As a marketer I have noticed some interesting trends in recent months.  Namely that traditional media (print, radio, TV) has started to decline in both consumption and advertising revenue.  Here in Canada, budgets are being slashed by international accounts and belts are being tightened.

What is interesting is that not 5 years ago, media outlets were 'throwing in' internet advertising as a bonus with a traditional media buy.  Well those days are long over. As a medium, the internet has exploded bringing with it much good and bad - especially in the political scene.  

Which naturally leads us to the effect of the Netroots, which is described as follows:

Netroots is a recent term coined to describe political activism organized through blogs and other online media, including wikis and social network services. The word is a portmanteau of Internet and grassroots, reflecting the technological innovations that set netroots techniques apart from other forms of political participation. In the United States, the term is used mainly in left-leaning circles.

Further - the origin of the term is suggested to be traced to:

In a December 2005 interview with Newsweek magazine [4], Markos Moulitsas Zúniga, founder of Daily Kos, described the netroots as "the crazy political junkies that hang out in blogs." He is also the co-author (with Jerome Armstrong) of the book Crashing the Gate: Netroots, Grassroots and the Rise of People-Powered Politics (ISBN 1-931498-99-7).

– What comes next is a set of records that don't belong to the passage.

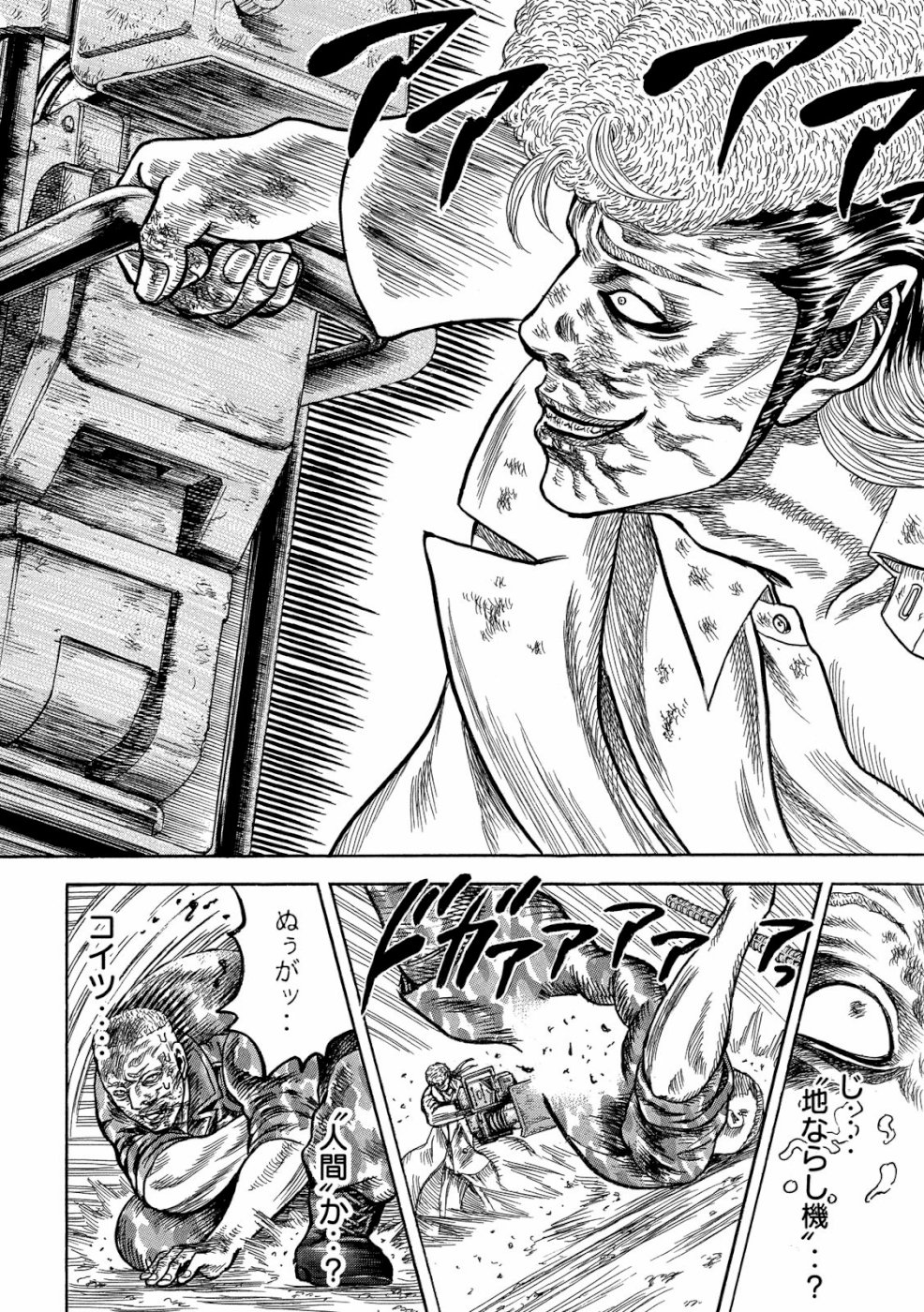 Kaze Densetsu -Bukkomi no Taku- ~After Decade~ Chapter 32 22ページ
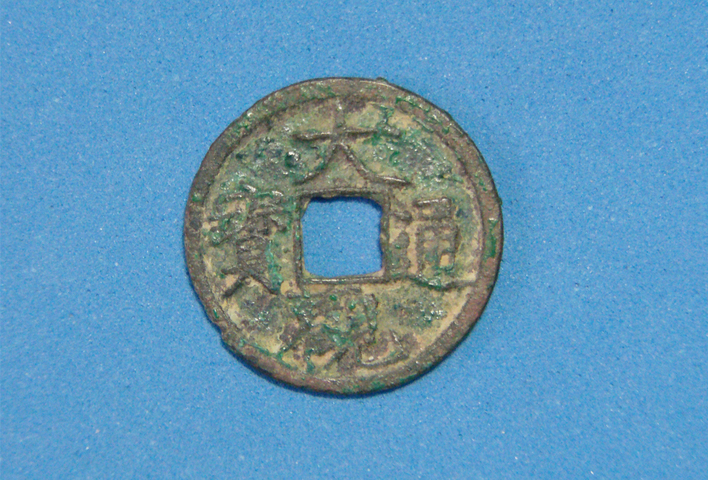 古玩錢幣大觀通寶小平錢真品鑒賞圖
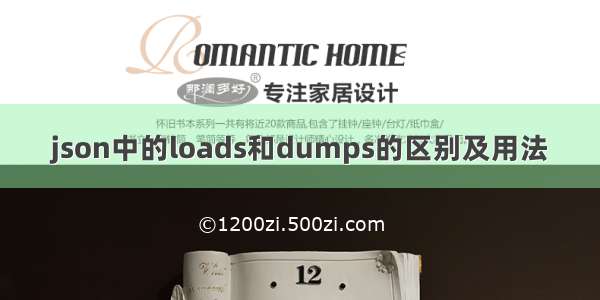 json中的loads和dumps的区别及用法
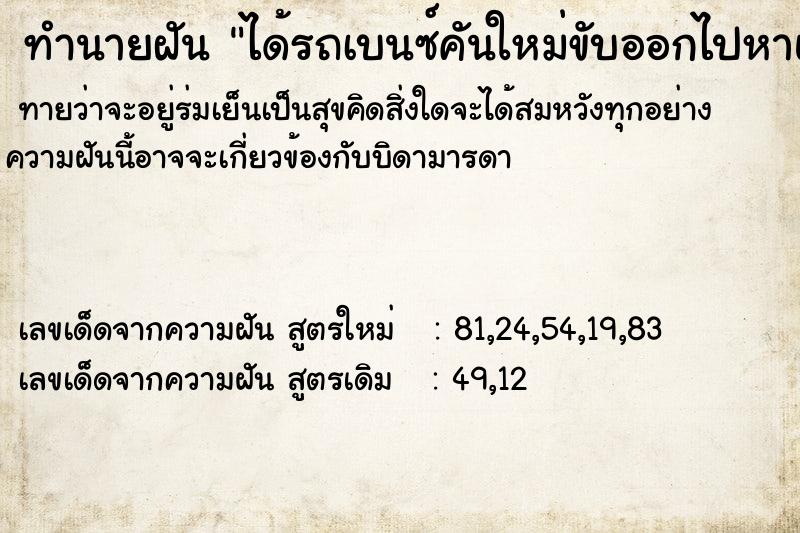 ทำนายฝันทำนายฝันได้รถเบนซ์คันใหม่ขับออกไปหาแฟนแต่โดนพ่อห้าม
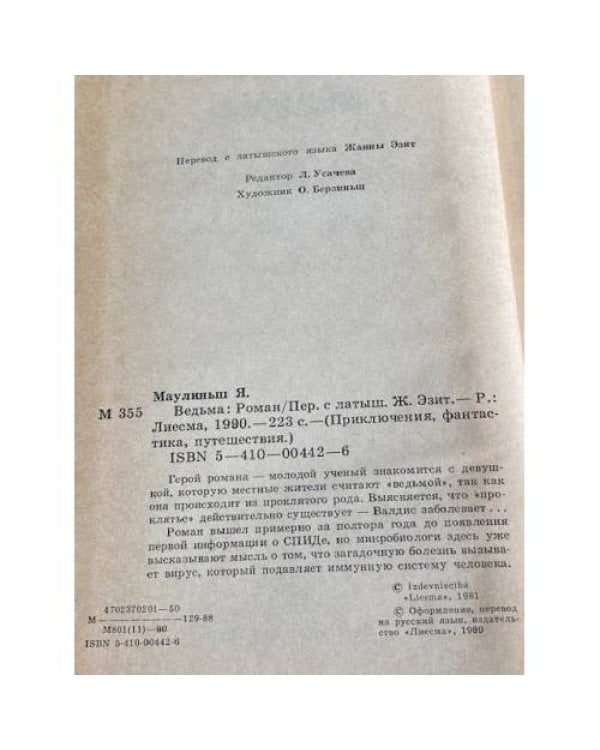 Ведьма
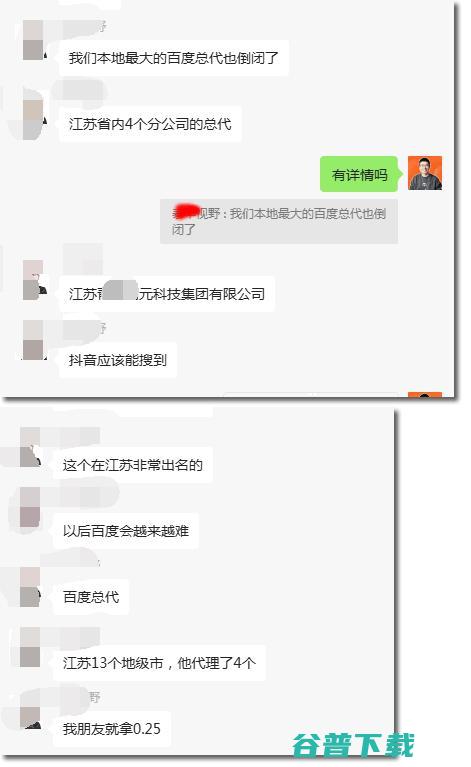 网传江苏本地最大的百度总代倒闭 (江苏爆料)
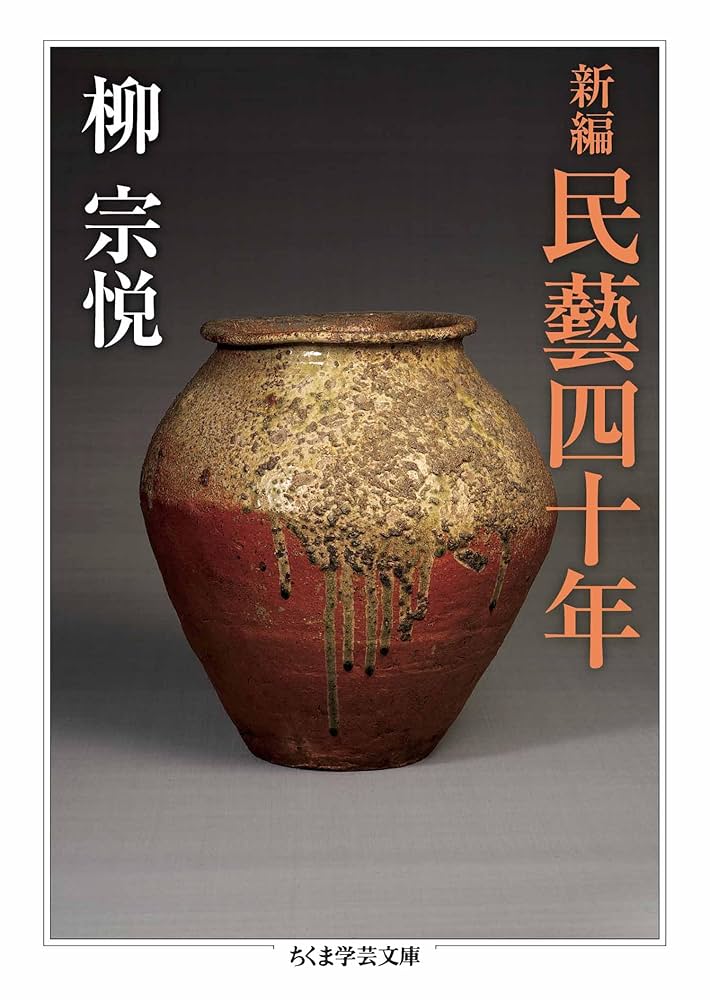 民芸四十年　柳宗悦 民藝四十年／柳 宗悦｜岩波文庫 - 岩波書店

William Safire explained the term's origin in the New York Times Magazine on November 19, 2006:
"    ... the Nation's Web site [5] cited the unabashedly liberal Jerome Armstrong's praise of the Democratic Congressional Campaign Committee "for reading blogs and being ready to work with the netroots." From these citations and a few of the million and a half others in a Google search, the word netroots has a left-of-center connotation. The earliest use I can find is in a Jan. 15, 1993, message on an e-mail list of the Electronic Frontier Foundation from an "rmcdon[ell]" at the University of California at San Diego, apparently complaining about an internal shake-up: "Too bad there's no netroots organization that can demand more than keyboard accountability from those who claim to be acting on behalf of the 'greater good.'" ... Popularizer of the term -- unaware of the obscure, earlier citation when he used it -- was the aforementioned (great old word) Armstrong on his blog, MyDD, on Dec. 18, 2002, as he went to work on the presidential campaign of Gov. Howard Dean of Vermont.... headlined his entry "Netroots for Dean in 2004" and told Internet readers where to get the first inkling of a groundswell: "O.K., so Dean is still polling 1 to 4 percent nationally, so what. Look at the netroots."[1]

Whatever its origin, the Netroots most certainly has had an effect on the media.

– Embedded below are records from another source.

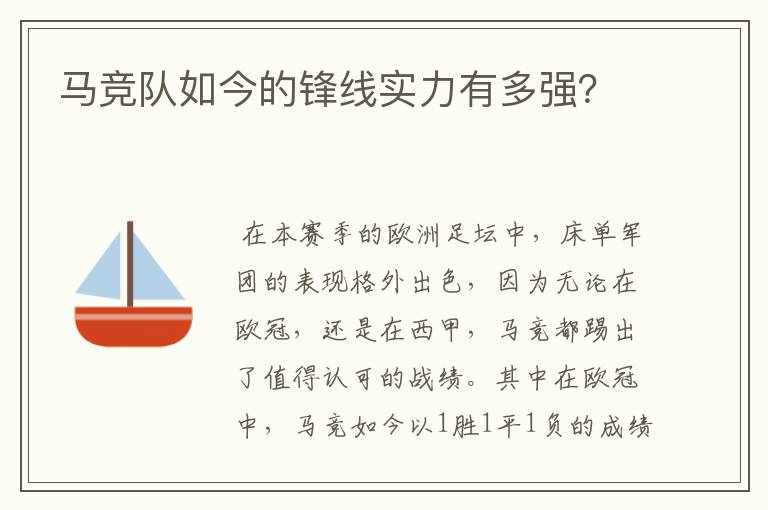 马竞队如今的锋线实力有多强？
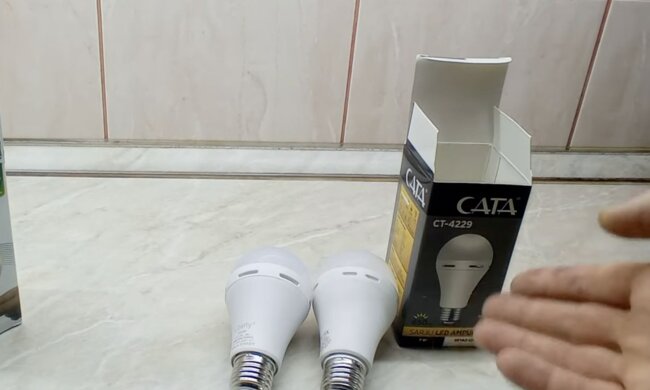 График отключения света в Кировоградской области на неделю с 24 по 30 ноября:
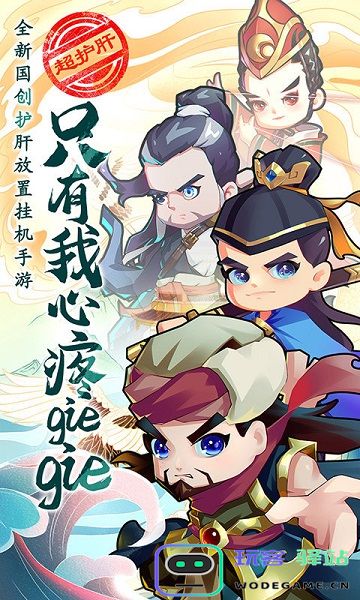 全民武馆手机版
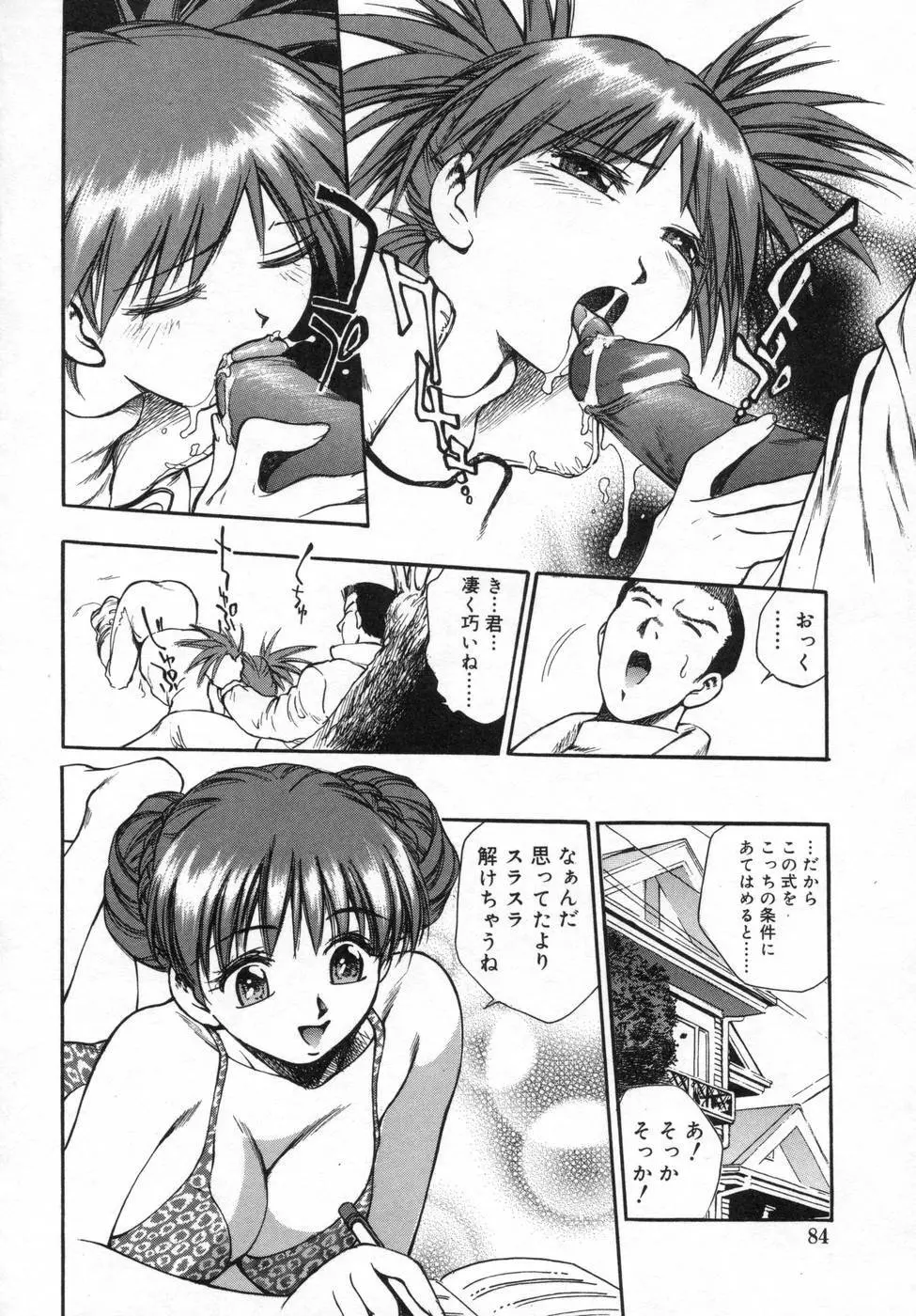 姉まみれ Page.86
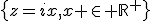 \{z=ix,x \in \mathbb{R}^+\}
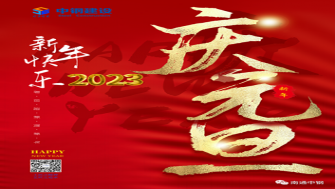 南通中鋼建設(shè)祝大家新年快樂！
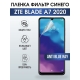 Защитная гидрогелевая пленка для смартфона ZTE Blade a7 2020. Полиуретановая плёнка anti blue ray на мобильный телефон ЗТЕ Блейд а7 2020, для защиты экрана.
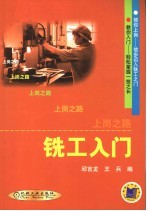 铣工入门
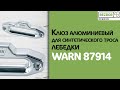 Клюз для синтетического троса лебедки алюминиевый WARN 87914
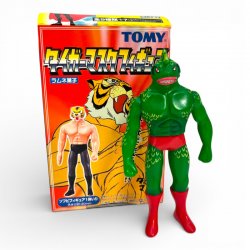 Tiger Mask - Piranha Man Ramune Candy Sofubi Figure (Japan)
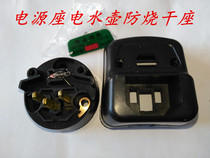 Electric kettle electric kettle accessories stainless steel anti-drying kettle power seat rear seat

Clearly, bloggers aren't a monolithic group. But it's fair to say that liberal bloggers -- and the more activist-oriented members of the Netroots within that group -- have been calling out the media's campaign coverage with far more regularity than just four years ago. And it's not simply because there are more activists who know how Moveable Type works.

Pushback against the media has been aided by the growth of more sophisticated liberal news sites, such as Talking Points Memo and The Huffington Post. In 2004, TPM founder Josh Marshall didn't have any paid staffers; this year he has nine. And Arianna Huffington's arsenal of nearly 2,000 bloggers didn't exist until President Bush was already six months into his second term. Not to mention, liberal watchdog group Media Matters -- which provides ammo to many bloggers -- has grown in that time from about 20 staffers to near 100, according to a source familiar with the organization.

This effect can be seen in driving MSM stories.  Be that as it may, a particularly inflammatory article by James Kirchick entitled Barack Obama doesn't fear the enraged, impotent Netroots contends that:

Indeed, the only people who seemed to give a fig about Lieberman were the "Netroots." Along with abandoning Iraq to Iran and Al Qaeda, punishing the "traitor" Joe Lieberman was their paramount concern (know that in the minds of Netroots, Lieberman hasn't only committed treason against the Democratic Party; a quick perusal of the more popular liberal blogs will also find the words "Zionist" and "Likudnik" attached to his name). Most Americans probably recognize Lieberman as the guy who ran with Al Gore in 2000. But to the Netroots, Lieberman is an obsession, an individual who inspires mania. He is the worst thing possible: not only someone who disagrees with them about foreign policy, but a liberal who disagrees with them on foreign policy.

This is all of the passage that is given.